For cardiovascular drugs, including but not limited to antiplatelet agents, beta-blockers, and antihypertensives such as ACE inhibitors, optimal perioperative management should be undertaken in concert with the patient’s cardiovascular providers. Existing recommendations generally support continuation of drugs already being taken by patients in the perioperative period, but support a multispecialty conversation to understand the risks and benefits of medication continuation or cessation. For patients at high risk of cardiovascular morbidity, some therapies, including beta-blockade and statins, can be initiated prior to surgery, again guided by clinical circumstances. The perioperative management of cardiovascular drugs is well beyond the scope of this article. However, excellent guidance is available from regularly updated guidelines co-published by the American College of Cardiology and the American Heart Association.

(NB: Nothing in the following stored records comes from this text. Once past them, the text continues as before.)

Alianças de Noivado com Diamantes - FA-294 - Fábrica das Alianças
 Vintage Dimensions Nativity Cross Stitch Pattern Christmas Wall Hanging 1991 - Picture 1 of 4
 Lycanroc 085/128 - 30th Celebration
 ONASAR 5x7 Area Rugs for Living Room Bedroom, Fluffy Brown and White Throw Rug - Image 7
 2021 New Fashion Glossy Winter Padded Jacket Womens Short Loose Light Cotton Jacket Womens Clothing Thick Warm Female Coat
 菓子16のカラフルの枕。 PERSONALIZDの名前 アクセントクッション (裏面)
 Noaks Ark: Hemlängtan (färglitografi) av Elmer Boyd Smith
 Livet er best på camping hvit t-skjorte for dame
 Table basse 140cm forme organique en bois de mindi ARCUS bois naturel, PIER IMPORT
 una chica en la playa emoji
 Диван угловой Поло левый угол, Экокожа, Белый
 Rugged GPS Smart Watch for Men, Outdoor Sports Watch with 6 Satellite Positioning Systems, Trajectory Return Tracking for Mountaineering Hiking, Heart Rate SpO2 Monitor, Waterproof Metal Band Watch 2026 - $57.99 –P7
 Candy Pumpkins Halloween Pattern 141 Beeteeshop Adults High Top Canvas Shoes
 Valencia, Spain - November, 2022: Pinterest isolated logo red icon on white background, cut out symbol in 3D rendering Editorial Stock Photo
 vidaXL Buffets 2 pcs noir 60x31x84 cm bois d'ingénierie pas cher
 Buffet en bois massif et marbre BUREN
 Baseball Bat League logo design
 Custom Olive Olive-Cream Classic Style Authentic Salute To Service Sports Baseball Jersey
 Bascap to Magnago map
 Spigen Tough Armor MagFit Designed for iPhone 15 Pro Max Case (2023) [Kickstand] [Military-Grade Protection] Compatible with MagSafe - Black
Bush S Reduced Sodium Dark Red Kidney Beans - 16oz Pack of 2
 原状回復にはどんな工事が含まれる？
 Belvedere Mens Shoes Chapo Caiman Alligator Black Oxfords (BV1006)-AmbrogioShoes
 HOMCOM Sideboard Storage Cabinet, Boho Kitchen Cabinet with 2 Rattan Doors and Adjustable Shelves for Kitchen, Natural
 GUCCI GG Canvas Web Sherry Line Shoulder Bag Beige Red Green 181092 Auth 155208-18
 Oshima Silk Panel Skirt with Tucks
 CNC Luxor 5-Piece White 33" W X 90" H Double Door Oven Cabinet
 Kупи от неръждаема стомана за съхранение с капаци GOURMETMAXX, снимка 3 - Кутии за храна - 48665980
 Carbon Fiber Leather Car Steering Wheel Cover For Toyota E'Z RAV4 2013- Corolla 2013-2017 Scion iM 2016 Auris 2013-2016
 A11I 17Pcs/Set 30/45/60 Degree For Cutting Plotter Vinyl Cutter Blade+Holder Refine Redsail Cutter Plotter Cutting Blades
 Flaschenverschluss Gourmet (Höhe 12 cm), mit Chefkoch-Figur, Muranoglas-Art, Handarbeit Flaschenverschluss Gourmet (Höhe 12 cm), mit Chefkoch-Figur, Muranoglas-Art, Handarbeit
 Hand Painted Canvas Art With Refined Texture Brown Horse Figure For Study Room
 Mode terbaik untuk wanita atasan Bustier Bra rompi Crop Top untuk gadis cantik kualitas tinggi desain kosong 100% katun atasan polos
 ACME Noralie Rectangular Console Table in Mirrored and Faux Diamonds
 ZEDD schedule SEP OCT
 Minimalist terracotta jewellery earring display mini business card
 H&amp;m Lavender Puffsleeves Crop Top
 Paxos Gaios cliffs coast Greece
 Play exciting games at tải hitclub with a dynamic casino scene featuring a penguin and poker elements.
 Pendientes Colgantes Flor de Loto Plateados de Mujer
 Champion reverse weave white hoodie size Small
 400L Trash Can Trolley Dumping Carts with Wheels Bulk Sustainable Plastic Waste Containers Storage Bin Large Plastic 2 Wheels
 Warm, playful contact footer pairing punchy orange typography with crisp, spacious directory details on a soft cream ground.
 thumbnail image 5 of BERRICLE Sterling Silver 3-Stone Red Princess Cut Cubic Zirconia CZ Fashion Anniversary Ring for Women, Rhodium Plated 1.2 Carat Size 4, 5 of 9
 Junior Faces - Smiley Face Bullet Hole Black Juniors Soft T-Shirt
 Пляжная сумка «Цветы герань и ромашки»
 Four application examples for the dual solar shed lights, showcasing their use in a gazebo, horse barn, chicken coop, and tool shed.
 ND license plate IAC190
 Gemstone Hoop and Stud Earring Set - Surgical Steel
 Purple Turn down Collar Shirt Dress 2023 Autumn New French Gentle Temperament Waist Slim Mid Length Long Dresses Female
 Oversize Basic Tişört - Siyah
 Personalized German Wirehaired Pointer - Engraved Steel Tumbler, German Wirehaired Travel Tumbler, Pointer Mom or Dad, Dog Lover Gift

Oral contraceptives and hormone replacement therapy are known to increase risk for blood clots, both at baseline and in surgical patients. Other outside sources of hormones like intrauterine devices (IUDs) and vaginal rings should also be considered. Discontinuation of exogenous sources of hormones for 3 weeks before and 3 weeks after surgery can allow risk to return to normal levels. However, discontinuation of oral contraception can have unintended consequence, including menstrual period irregularity or unintended pregnancy. Similarly, discontinuation of hormone replacement can promote hot flashes and other symptoms. For IUDs, women may discuss removal or exchange for a non-hormone IUD (copper IUD) with their gynecologic provider. VTE risk, including risk modification, is important to discuss with all patients. Engaging patients, especially low-risk patients, in an explicit discussion of the risks and benefits of oral contraception or exogenous hormone discontinuation is important and appropriate.